Yesterday, we were lucky enough to jump aboard a helicopter bound for Cape Churchill and check out how things are shaping up for the final wave of bears this season. It was a bit of a lucky break as we exchanged a van tour on Saturday for a helicopter trip on Sunday… which is a pretty sweet deal when you think about it – I mean the bears are way closer in a van than a helicopter…!!
Cape Churchill is the proper name for the north-facing shelf that juts 50 miles out into Hudson Bay, stretching from Button Bay to the west of Churchill out to ‘Cape’ itself and the Canadian Wildlife Service tower. Everything is rigged with webcams out there now so we probably offended a million polar bear cam viewers but it was super fun and I don’t think we disturbed too many bears, hard not to spook some of them with a helicopter though.

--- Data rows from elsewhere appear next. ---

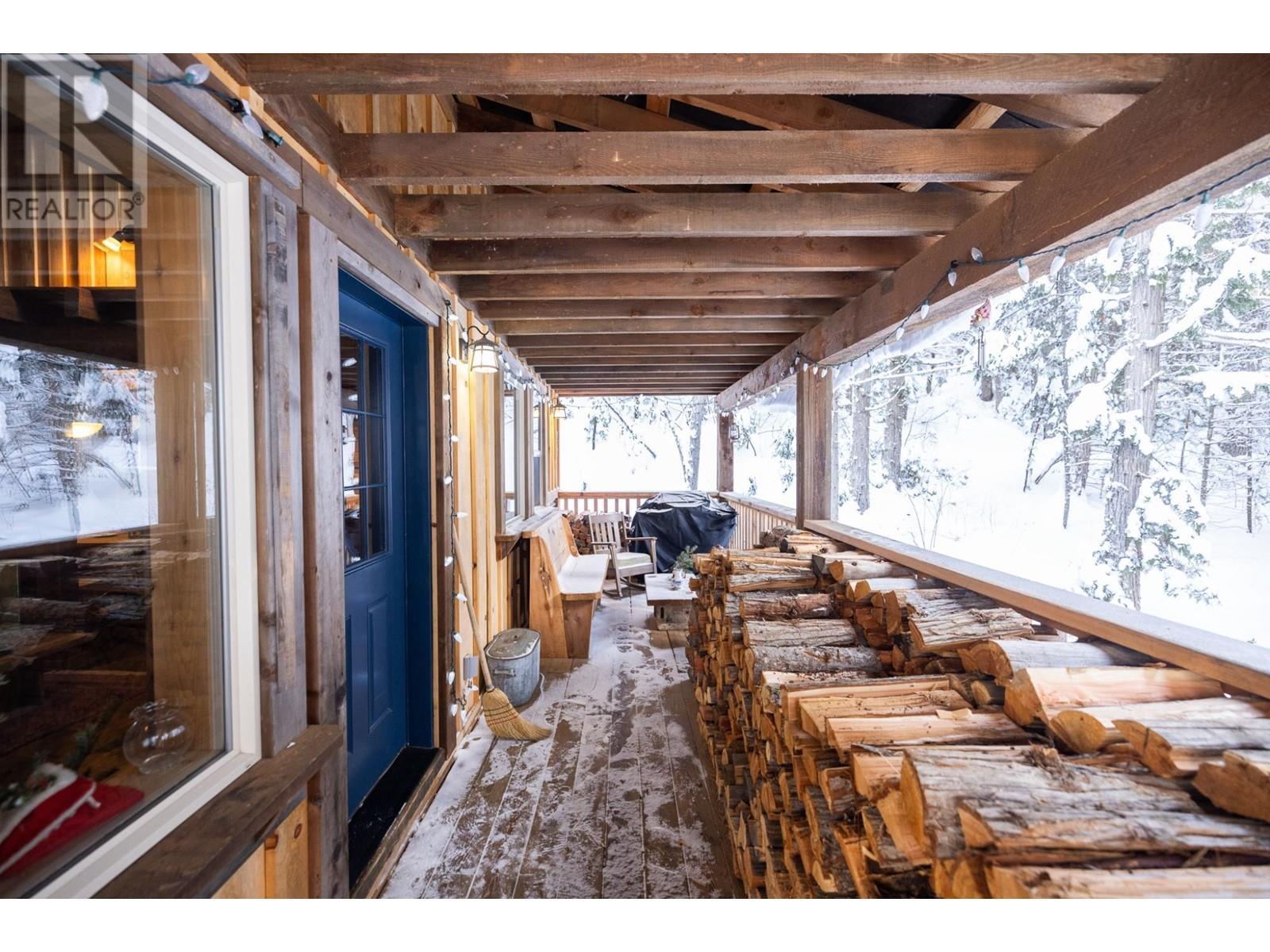 6225 Porto Rico Ymir Road, Ymir, BC - Outdoor With Deck Patio Veranda With Exterior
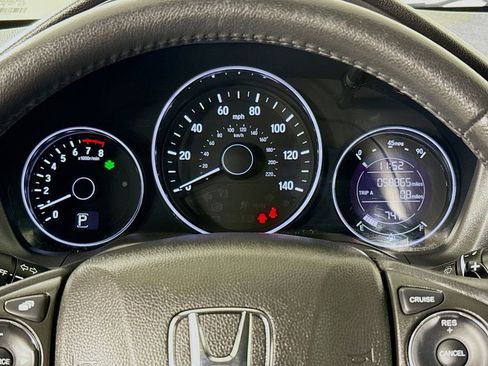 Used 2018 Honda HR-V EX-L image 14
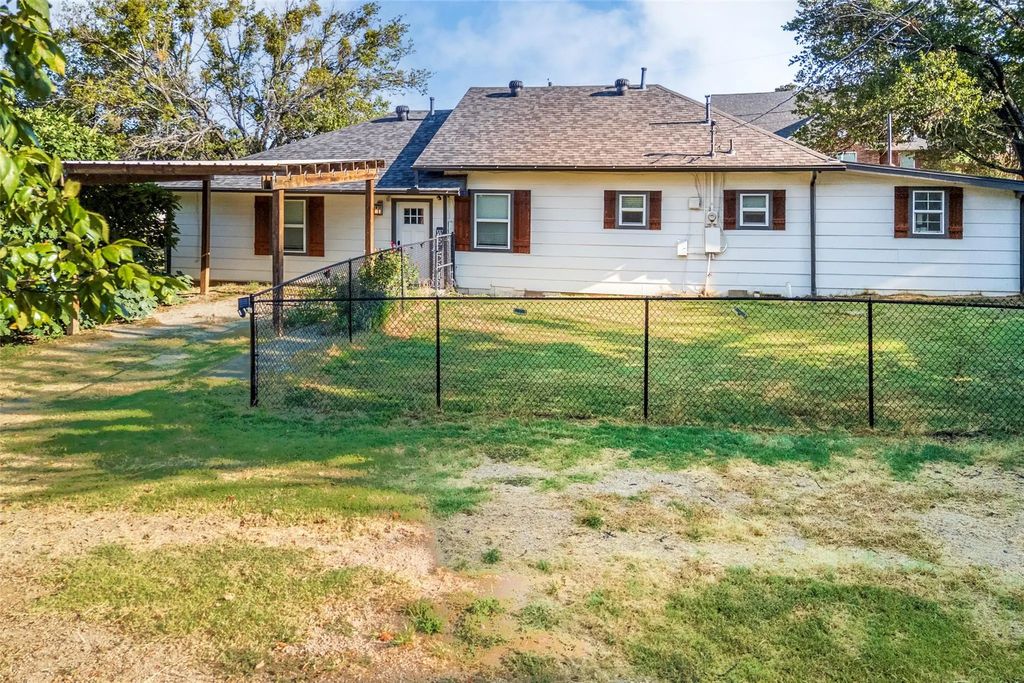 310 North Road, Kennedale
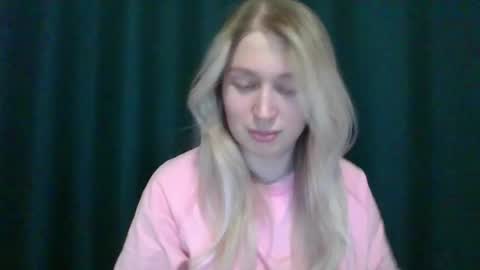 Snapshot of citrusblissss chatting on March 7, 3:18 pm citrusblissss online show from March 7, 3:18 pm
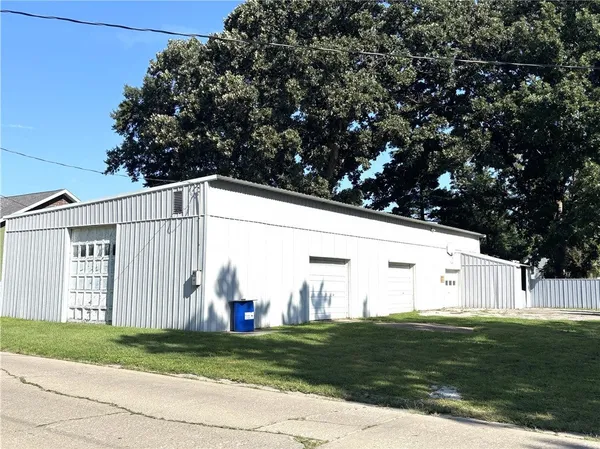 $44,500 | 206 East 9th Street, Pana, IL 62557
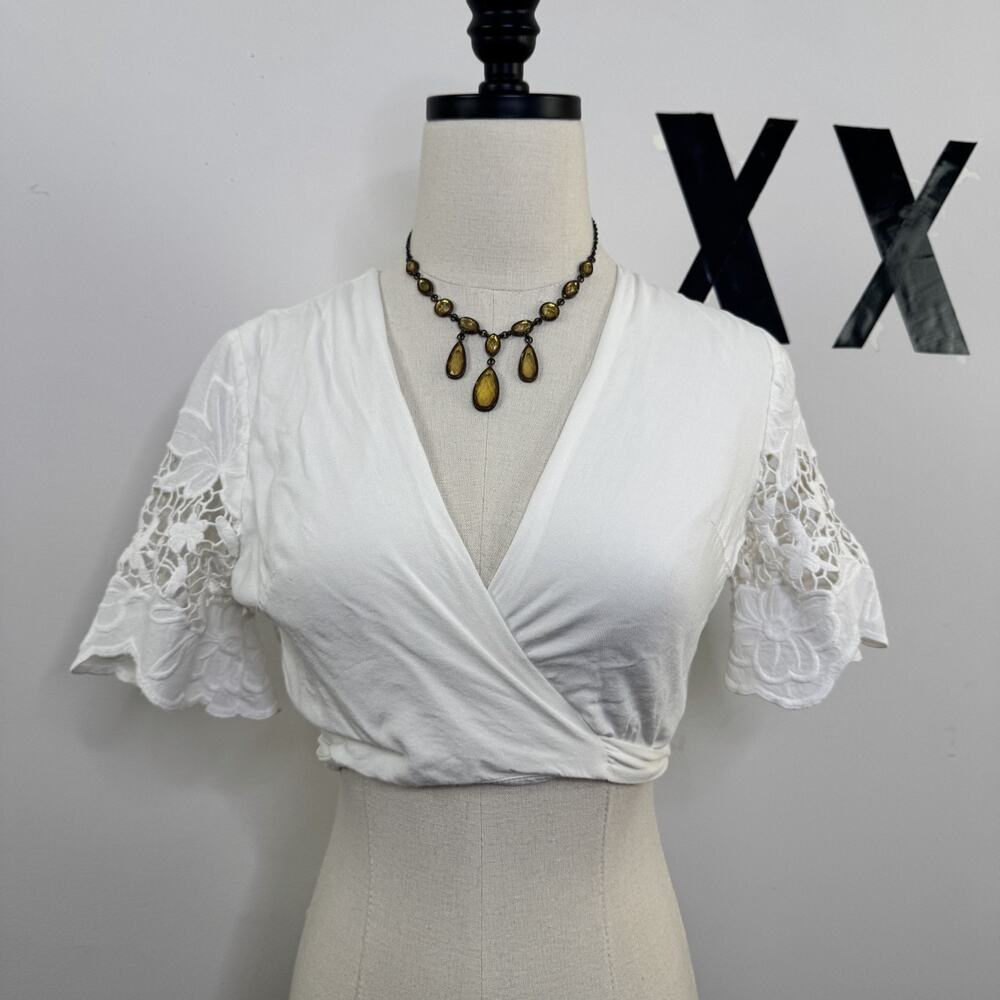 Vintage Y2K White Eyelet Cotton Broderie Anglaise Wrap Crop Top XS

Either way, things are looking fantastic for this population, better than I had ever imagined when we took off from Camp Nanuq – having a helicopter land in your yard is pretty cool I have to say. We got off to a bit of a slow start, cruising over the bears in buggyland, counting about a dozen from the air but not really spending much time there. Then, there was a bit of a lull around Knights Hill and LaPeruse Bay, located about 3/4 of the way out to ‘Cape’ itself.
We cruised south to Thompson Point, about 1/3 of the way down the coast to the Nelson River. Between Thompson Point and Cape Churchill, you should get a pretty good idea of what is building up east of Churchill and maybe a little snapshot of the overall health of the population.
Between Thompson Point and the Cape there were about 25 bears, however, the hopeful sign is that many of these bears were mothers with cubs including two sets of mothers with twins. When we got to Cape itself, a sandy spit reaching northward off the corner of the shelf, we were amazed at how many bears were gathered right there.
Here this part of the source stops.